Ever since legislators started removing the human element from education by decreasing teacher to student ratios, the dependence on non-educators to mold and shape pedagogical policy has increased. That means more lawmakers are taking on the business approach to remedy the very problems they have created. That translates to more contracts with testing companies to impersonally rate student achievement and teacher effectiveness without giving feedback on what would constitute good teaching. What happens is that people without educational experience are dictating what happens in classrooms more than those who do have the proper experience and knowhow. Han Solo makes this point in the 1977 release of A New Hope. He tells Luke Skywalker,

 

“Traveling through hyperspace ain’t like dusting crops, farm boy.”

 

And it isn’t. Traveling through hyperspace is not for those who have never been in a spaceship before. A wookie could tell you that. Additionally, reforming public education in North Carolina is not a job for those who have no idea what a classroom is like.
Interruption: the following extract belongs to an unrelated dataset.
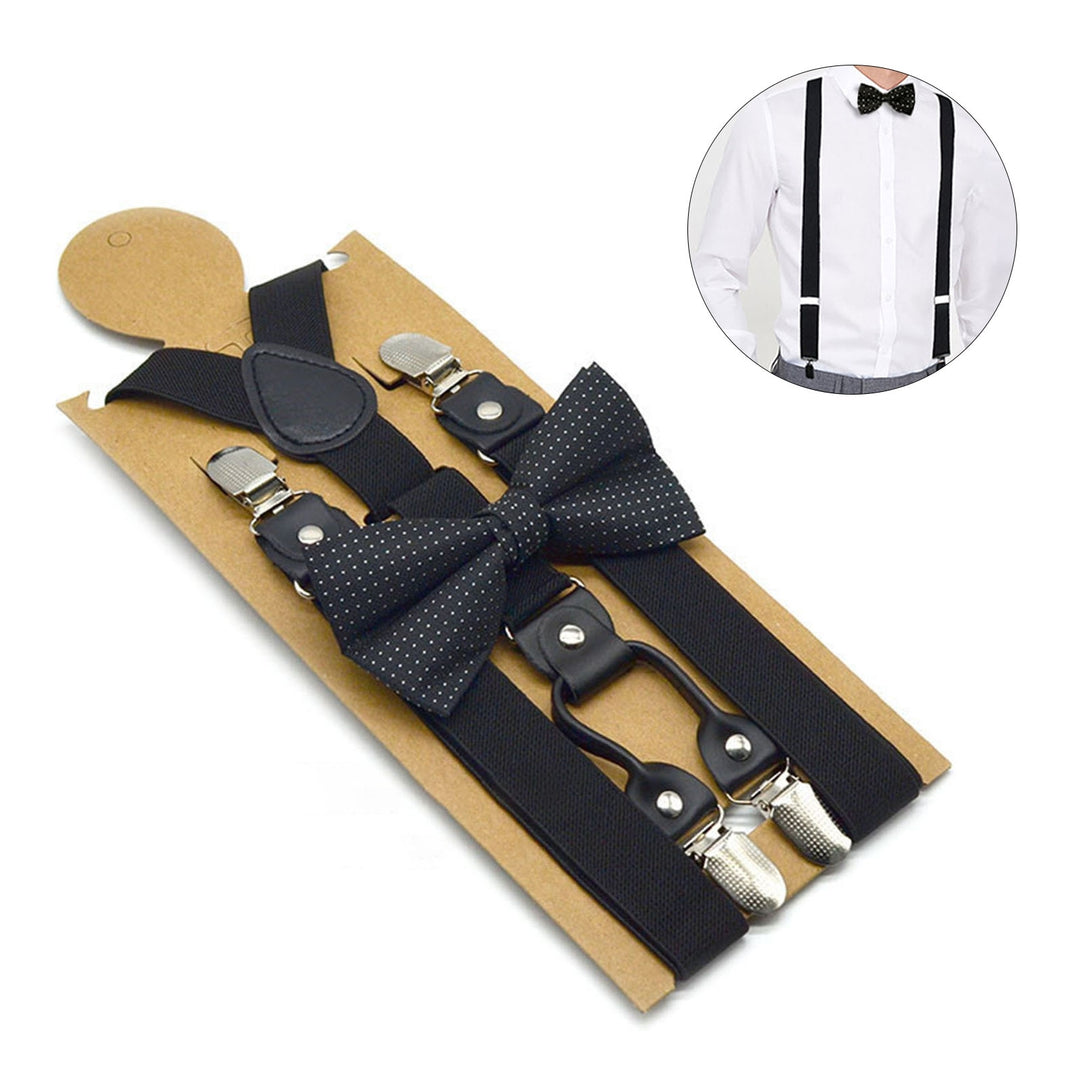 1 Set Adult Suspender Set Y-shaped Non-slip Solid Color Suspender Bow Tie for Wedding Image 4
Teachers and educators see that increased human interaction between a teacher (especially when experienced and respected) and student can overcome great odds, even ones derived by computers in valued added assessment models like EVAAS.

 

When C3PO tells Han Solo that he cannot fly through an asteroid field, he does not put into consideration who is doing the piloting. The droid states,

 

“Sir, the possibility of successfully navigating an asteroid field is approximately 3,720 to 1.”

 

But Solo is an expert. He’s like an experienced veteran teacher in the classroom and he is confident. That asteroid field is akin to all of the obstacles placed in front of teachers (increased class size, too many standardized tests, expanded duties, etc) as they try and do their job. Han Solo and his crew make it through to Cloud City. But of course the Dark Side catches him and puts him in a deep freeze, much like the salary scales of experienced teachers in North Carolina. Fortunately, he is rescued later by guess whom? Yes, a Jedi taught by the greatest of teachers.

 

This next election cycle really starts now. With more people putting their light sabers into the mix, we need more than ever to stand up against the Death Star that hovers over West Jones Street in Raleigh and bring North Carolina back as the model of progress it was before the rise of the Dark Side. This requires actually educating yourselves on the issues and practicing your rights to speak out, speak up, and speak to. It also means to vote. One cannot be passive – Yoda instructs us on that (with his inverted syntax).

 

“Do. Or do not. There is no try.”

 

Our state has lost a lot of teachers due to the current political environment. Some leave because the stagnant salaries will not allow them to raise families in the way they wish. Some leave because of the simple lack of respect. The new state motto “North Carolina: First in Teacher Flight” is a reality, and we just cannot clone effective teachers like storm troopers through programs like Teach for America. We need our teacher education programs in our colleges and universities to be invested in, not divested from.

 

But I am hearing more and more teachers speaking about how they will not leave; they are staying to fight the fight. It’s just like Obi-Wan Kenobi when he looked Darth Vader in the eye and calmly stated,

 

“You can’t win, Darth. Strike me down, and I will become more powerful than you could possibly imagine.”

 

That’s the attitude that we need to have, as teachers, educators, and advocates for public education. This fight is far from over and why should we keep fighting for our schools? Because while Darth Vader may claim to be my father, all of the students in North Carolina’s public schools are our children and Yoda states,

 

“Truly wonderful the mind of a child is.”

 

So…Grab your closest wookie and ewok friends. Hop on your land speeder, X-wing fighter, or Millennium Falcon and go to the polls this next election cycle. Educate yourselves about the real issues surrounding public education. Like a great teacher, Yoda instructs us well when he says,

 

“In a dark place we find ourselves, and a little more knowledge lights our way.

 

Send messages to others through your droids, see past the Imperial rhetoric, stand up against the Greedos and the Jaba the Huts and,

 

“Always pass on what you have learned.”

 

And last but not least, always remember…

 

“The Force will be with you, always.”

 

 
Stuart Egan, NBCT
Public School Teacher
Jedi-In-Training
West Forsyth High School
Clemmons, NC

Faculty members, staff, and students are unhappy with the selection of Margaret Spellings as the new president of the University of North Carolina. Her experience as Secretary of Education for President George W. Bush propelled her into this position.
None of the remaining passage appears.